The third season of Malcolm in the Middle premiered on November 11, 2001, on Fox, and ended on May 12, 2002, with a total of 22 episodes. Frankie Muniz stars as the title character Malcolm, and he is joined by Jane Kaczmarek, Bryan Cranston, Christopher Kennedy Masterson, Justin Berfield and Erik Per Sullivan.

Episodes

Cast and characters

Main 
 Frankie Muniz as Malcolm
 Jane Kaczmarek as Lois
 Bryan Cranston as Hal
 Christopher Kennedy Masterson as Francis
 Justin Berfield as Reese
 Erik Per Sullivan as Dewey

Notable guests 
 Brenda Wehle as Lavernia
 Craig Lamar Traylor as Stevie Kenarban
 David Anthony Higgins as Craig Feldspar
 Daniel von Bargen as Edwin Spangler
 Eric Nenninger as Eric Hanson
 Evan Matthew Cohen as Lloyd
 Kyle Sullivan as Dabney
 Merrin Dungey as Kitty Kenarban
 Tania Raymonde as Cynthia Sanders
 Susan Sarandon as Meg 
 Bradley Whitford as Meg's husband

Production 
Main cast members Frankie Muniz, Jane Kaczmarek, Bryan Cranston, Christopher Kennedy Masterson, Justin Berfield and Erik Per Sullivan return as Malcolm, Lois, Hal, Francis, Reese and Dewey respectively.

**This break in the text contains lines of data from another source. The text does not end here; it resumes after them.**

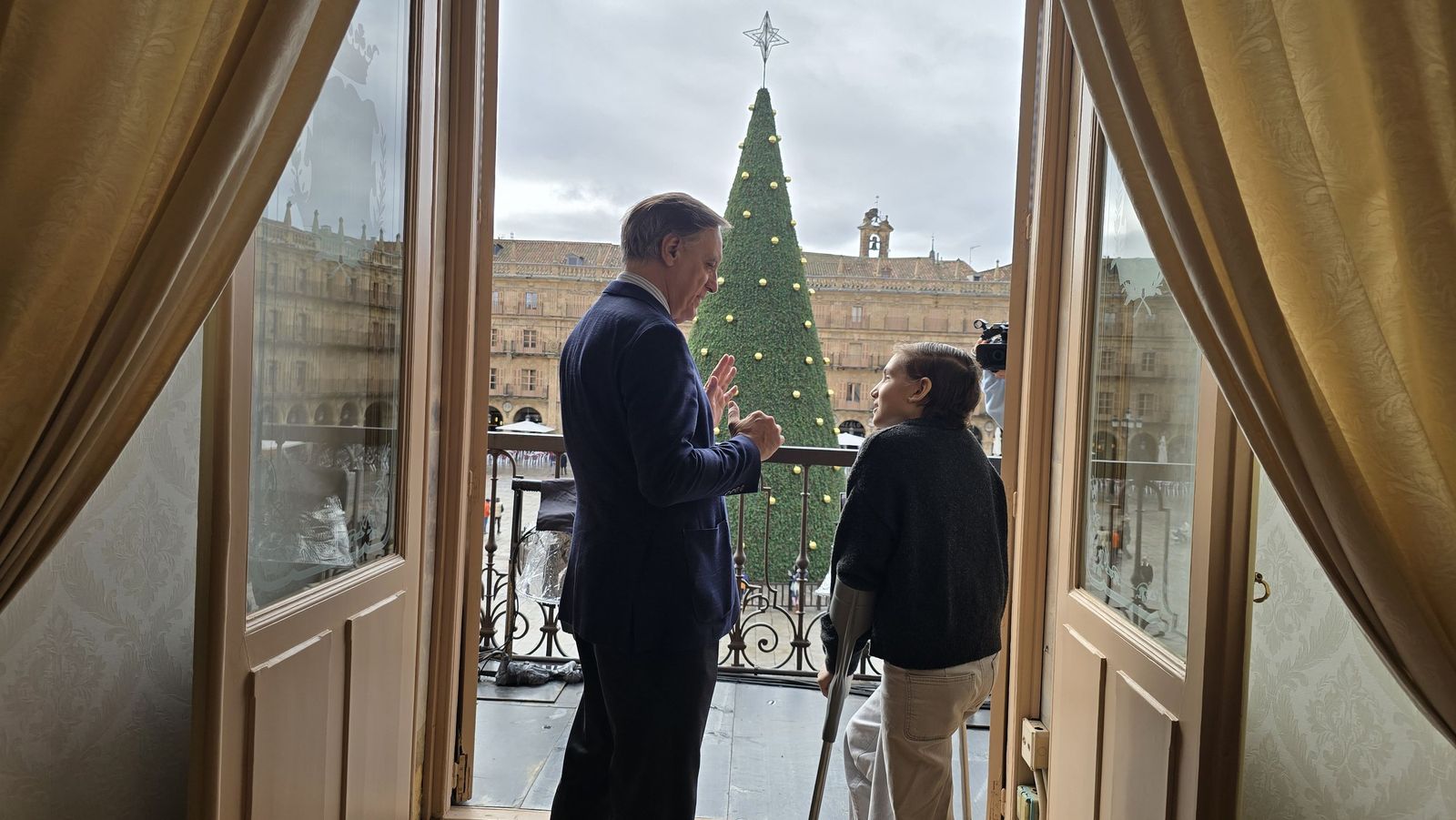 El alcalde de Salamanca, Carlos García Carbayo, recibe a María Caamaño, de La Sonrisa de María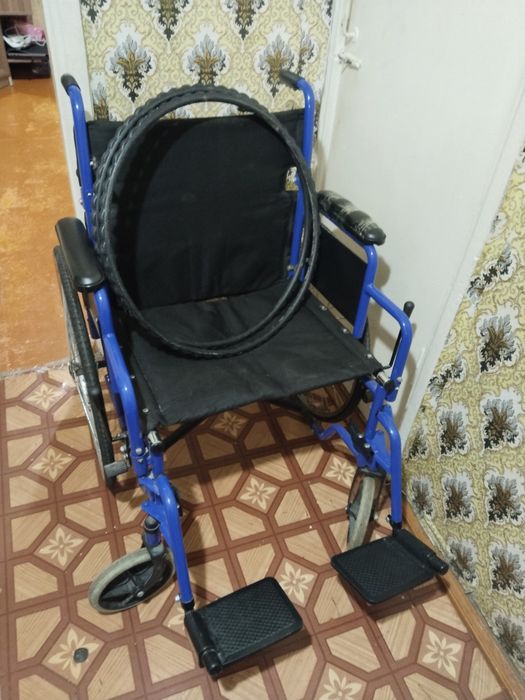 Продам инволидную коляску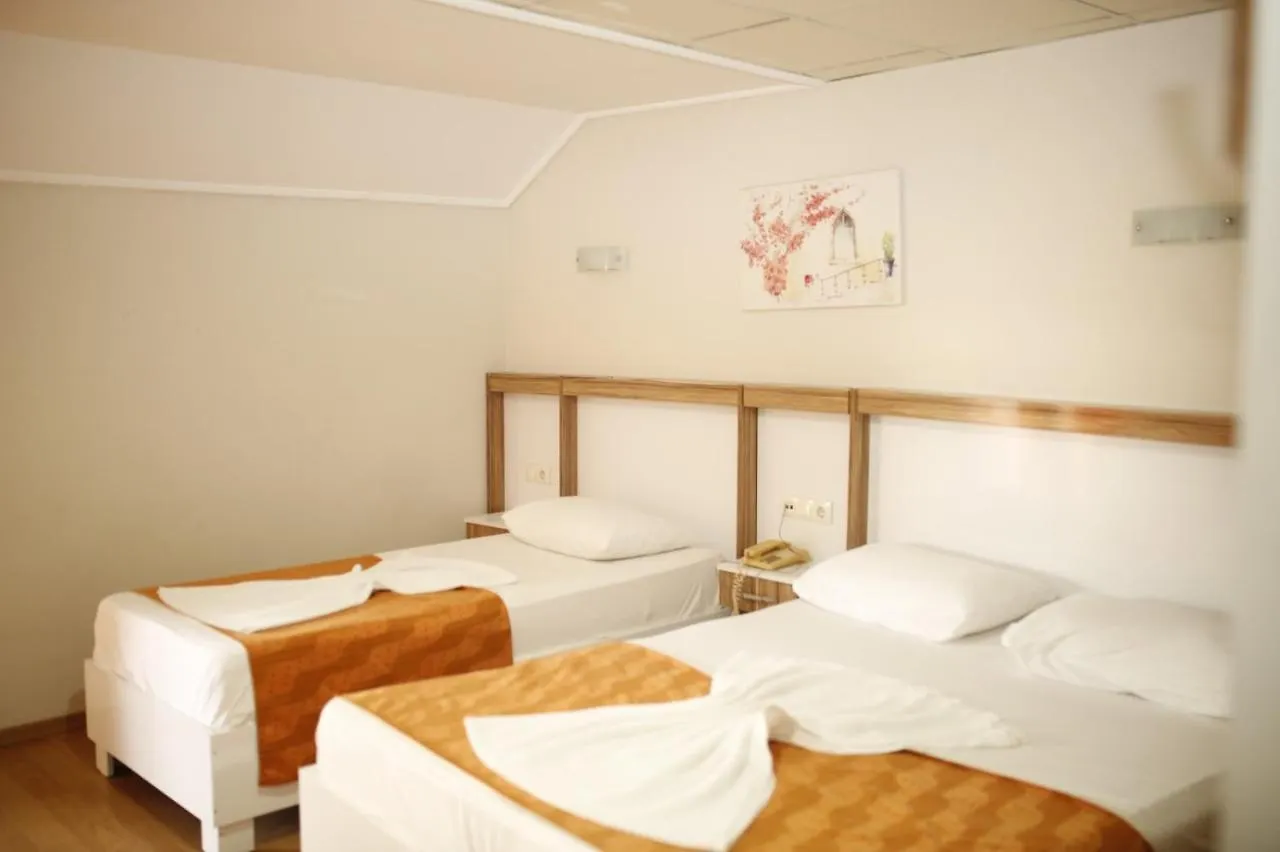 Oezhan Hotel Antalya 3*,  Turkey
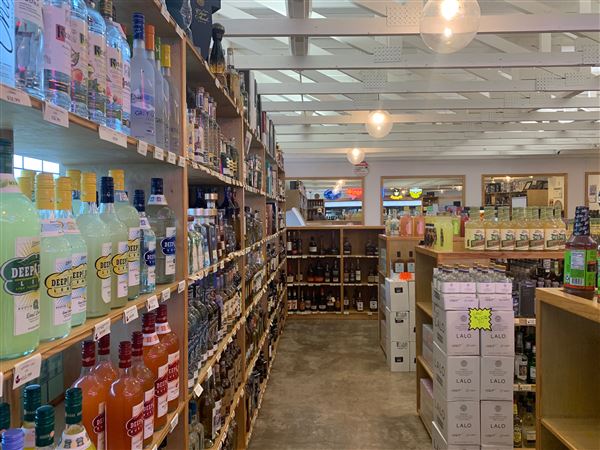 Zeke's Liquor (3/4/2022 - Credits: Adam from Walker Reboot)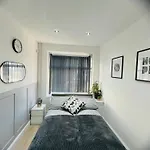 Free Parking ,Modern 4 Bedrooms 10Min From Birmingham City Centre Ideal For Contractors ,Groups And Families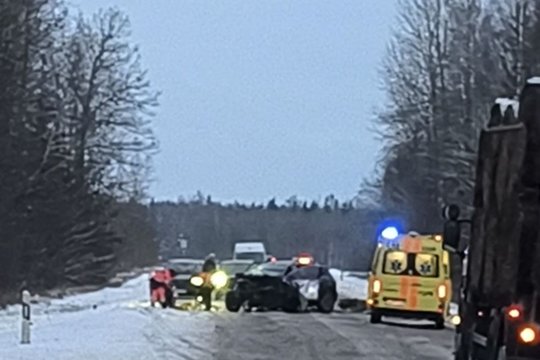 Šiaulių r. kelyje – dviejų automobilių susidūrimas: į ligoninę išvežti du suaugę žmonės ir vaikas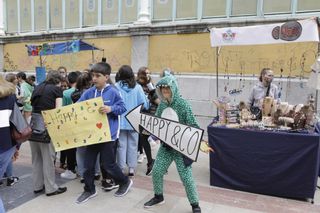 Un gran mercadillo con "pequeños" comerciantes: Las cooperativas escolares de Oviedo llenan de vida el mercado del Fontán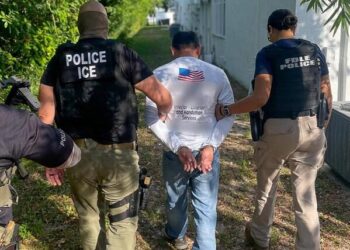 POR REDADAS EN TEXAS Temor agudiza la crisis laboral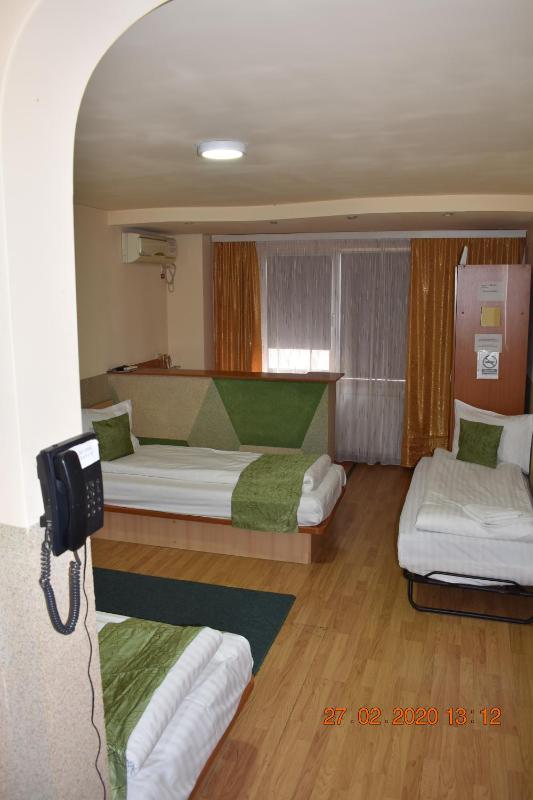 Triple Room image 2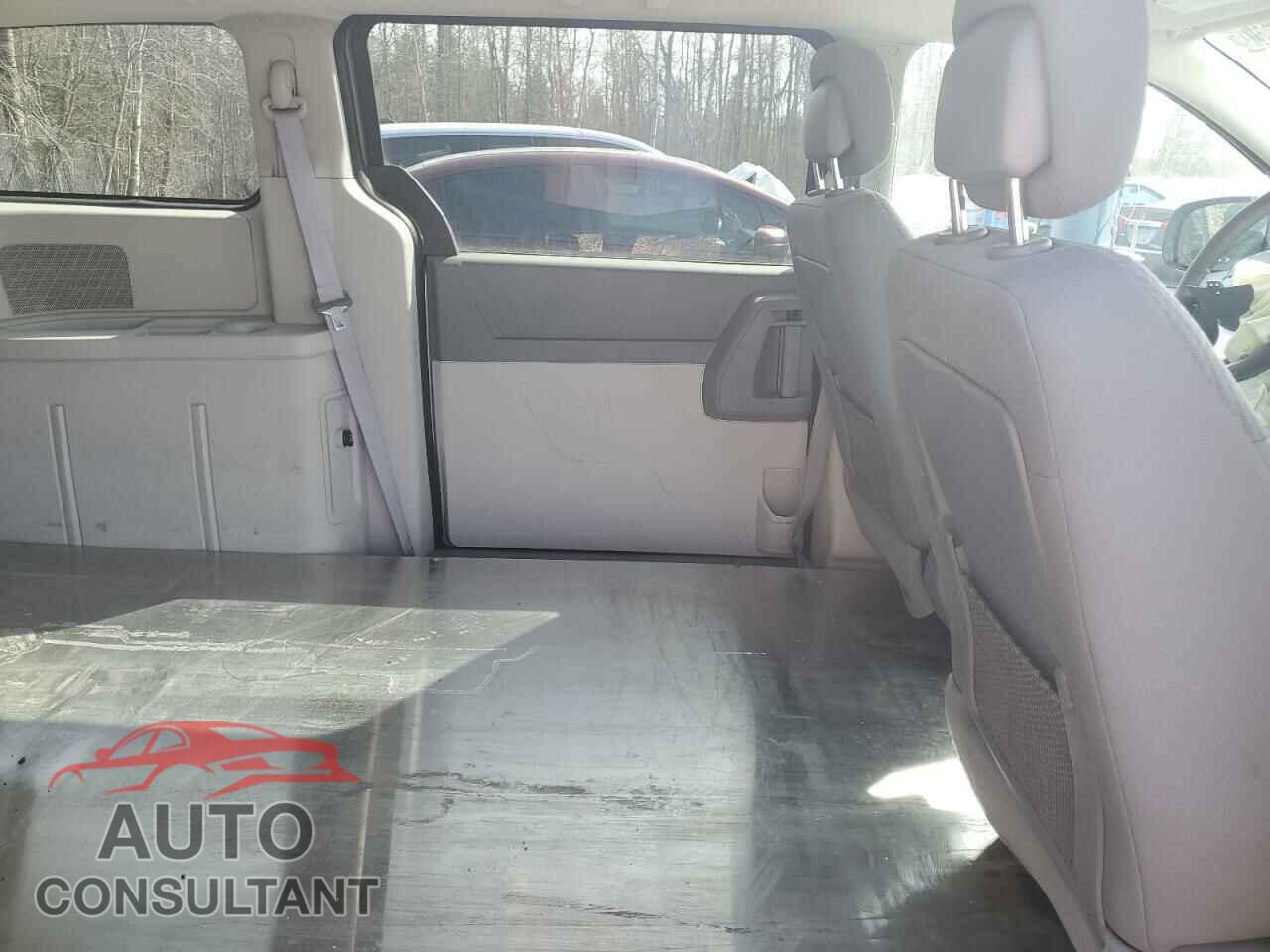 DODGE CARAVAN 2010 - 2D4RN4DE8AR276104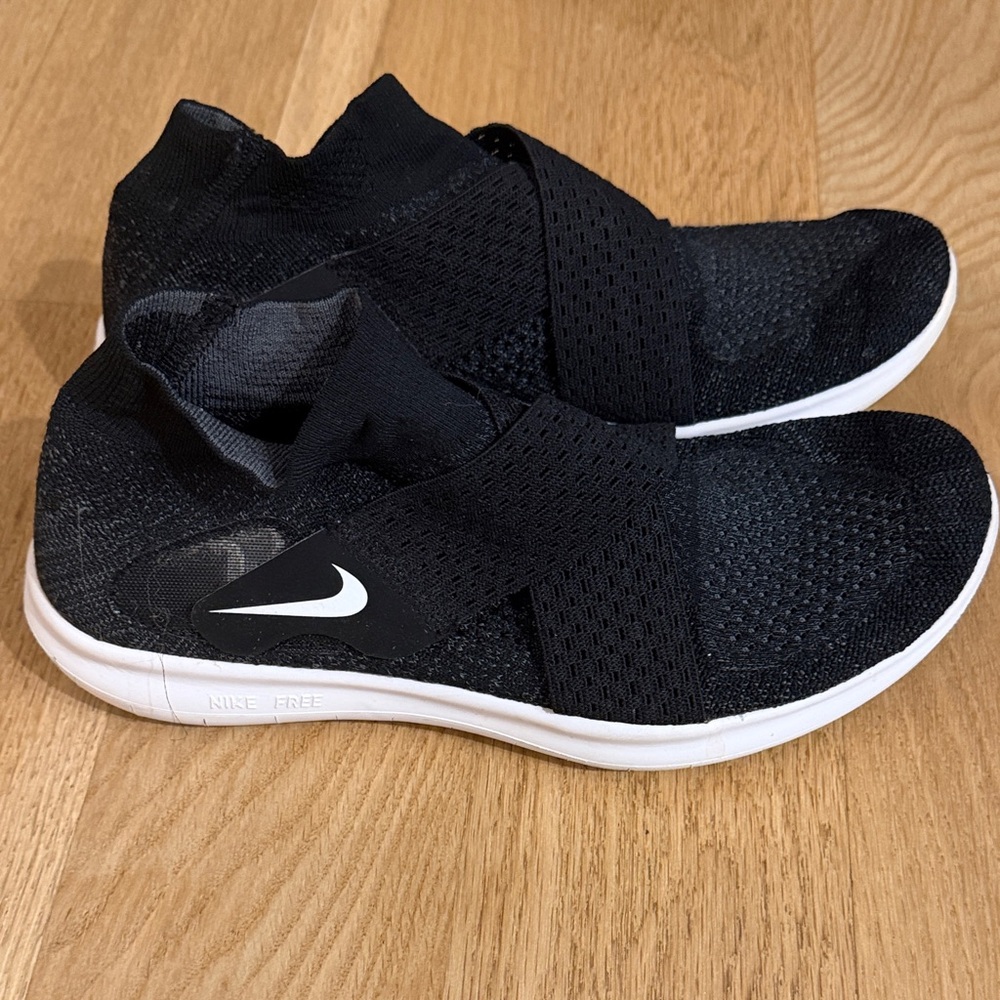 Nike Black and White Athletic Shoes
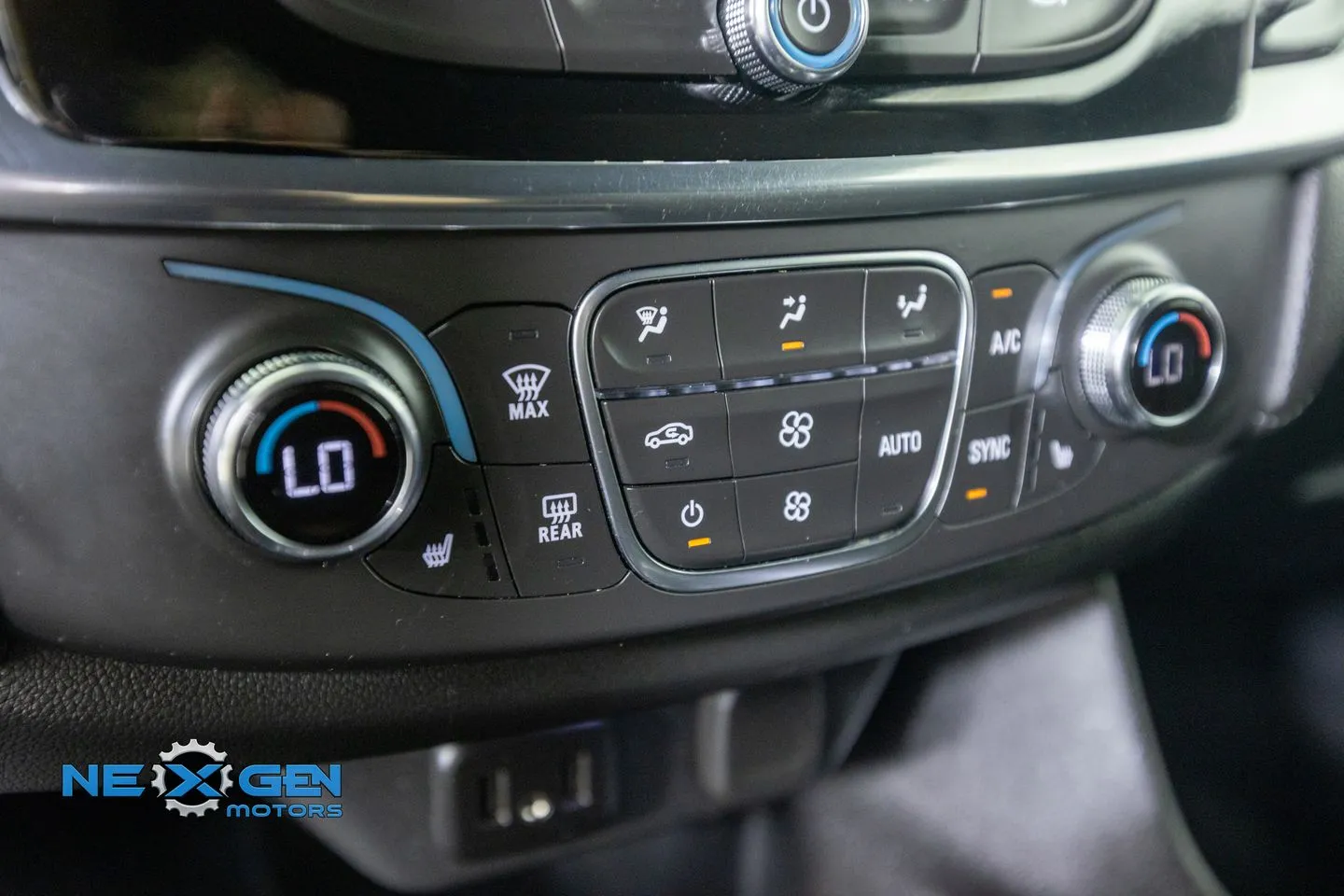 Chevrolet Traverse photo 23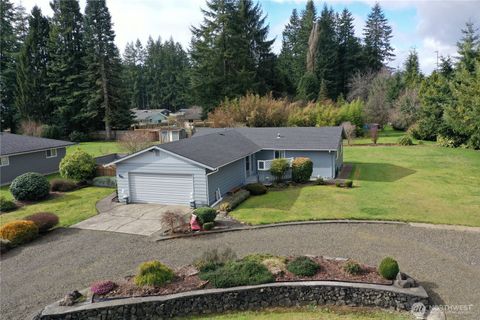 Photo of 613 Holm Avenue, Montesano, WA 98563 (MLS # 2485877)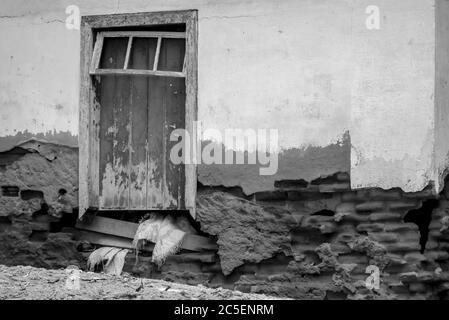 Particolare della vecchia fattoria coloniale, con porta in legno e base di casa in decomposizione, Diamantina City, Minas Gerais state, Brasile Foto Stock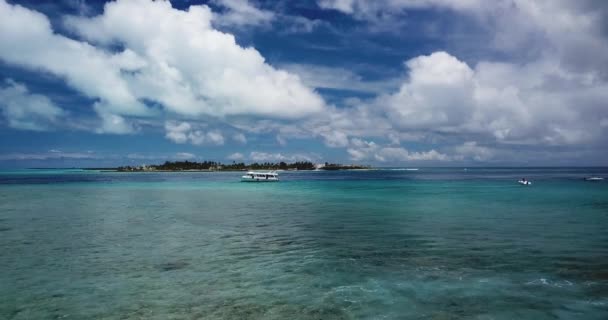 Viligilimathidhahuraa νησί και Thulusdhoo νησί στην τροπική γαλάζια θάλασσα — Αρχείο Βίντεο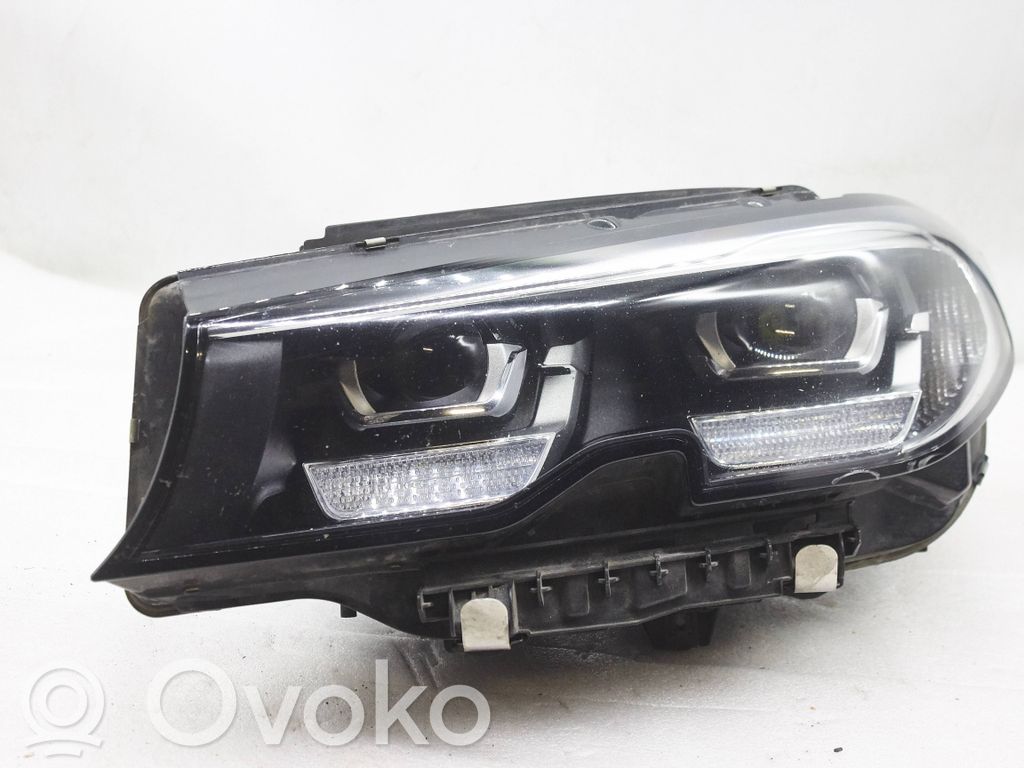 Lampa przednia   8496149,849614906,145100048806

The season introduces the recurring character Piama Tananahaakna, with Emy Coligado cast in the role. It is also the final one to feature Eric Hanson, played by Eric Nenninger. The season's parallel plot involving Francis shifts from Marlin Academy to a resort in Alaska. The episode "Clip Show", true to its title, serves as a clip show, incorporating footage from previous episodes presented as flashbacks.

Release

Broadcast history 
The season premiered on November 11, 2001 on Fox, and ended on May 12, 2002 with a total of 22 episodes.

Home media 
The season was released on Region 2 DVD on February 4, 2013, and on Region 4 DVD on September 4, 2013.

Reception 
Greg Braxton of Los Angeles Times lauded the season premiere for its comedy, particularly Cranston's performance. For her performance as Meg in the two-parter "Company Picnic", Susan Sarandon was nominated in the Outstanding Guest Actress in a Comedy Series category, but lost to Cloris Leachman.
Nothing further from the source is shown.